*** Entries supplied ***

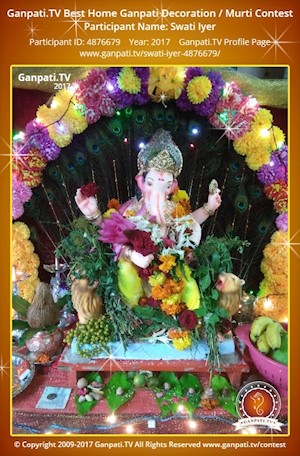 Swati Iyer Home Ganpati Picture
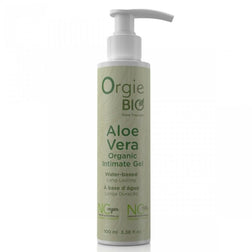 Flacon-pompe blanc et vert du gel intime Orgie Bio Aloe Vera
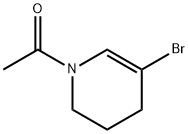 Ethanone, 1-(5-bromo-3,4-dihydro-1(2H)-pyridinyl)- Struktur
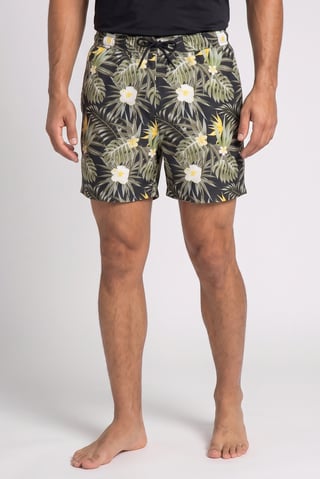 Men Floral Print Board Shorts, Multicolor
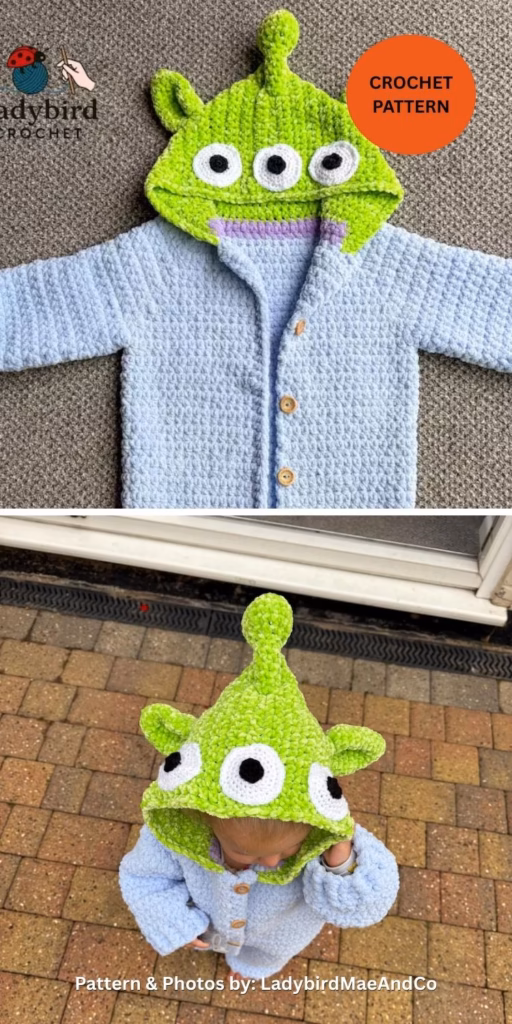 Crochet Alien Outfit Pattern - 7 Cutest Crochet Halloween Baby Outfit Patterns To Try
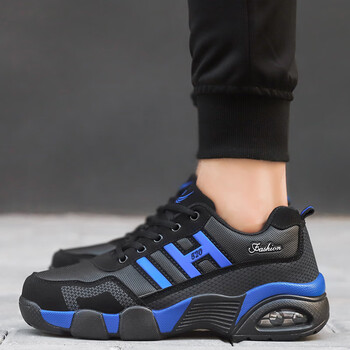 盾王公牛（DUNWANGGONGNIU）男士黑藍-單鞋 42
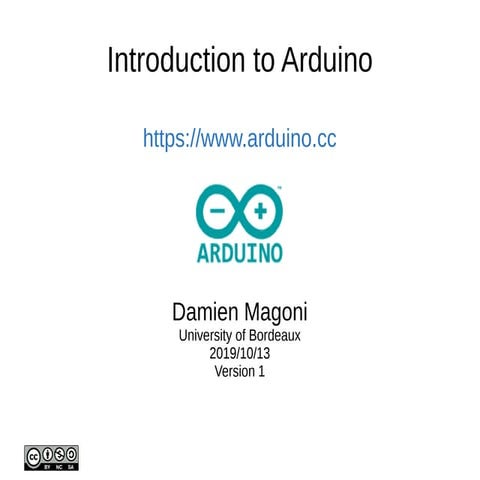 Introduction to Arduino | PPT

*** End of Entries supplied ***

**Directions for this task:**
Once the line containing "Crochet Alien Outfit" has been found, write out exactly that line and each one after it through the end of the data, leaving out every picture.

**Result of this exercise:**
 Crochet Alien Outfit Pattern - 7 Cutest Crochet Halloween Baby Outfit Patterns To Try
 盾王公牛（DUNWANGGONGNIU）男士黑藍-單鞋 42
 Introduction to Arduino | PPT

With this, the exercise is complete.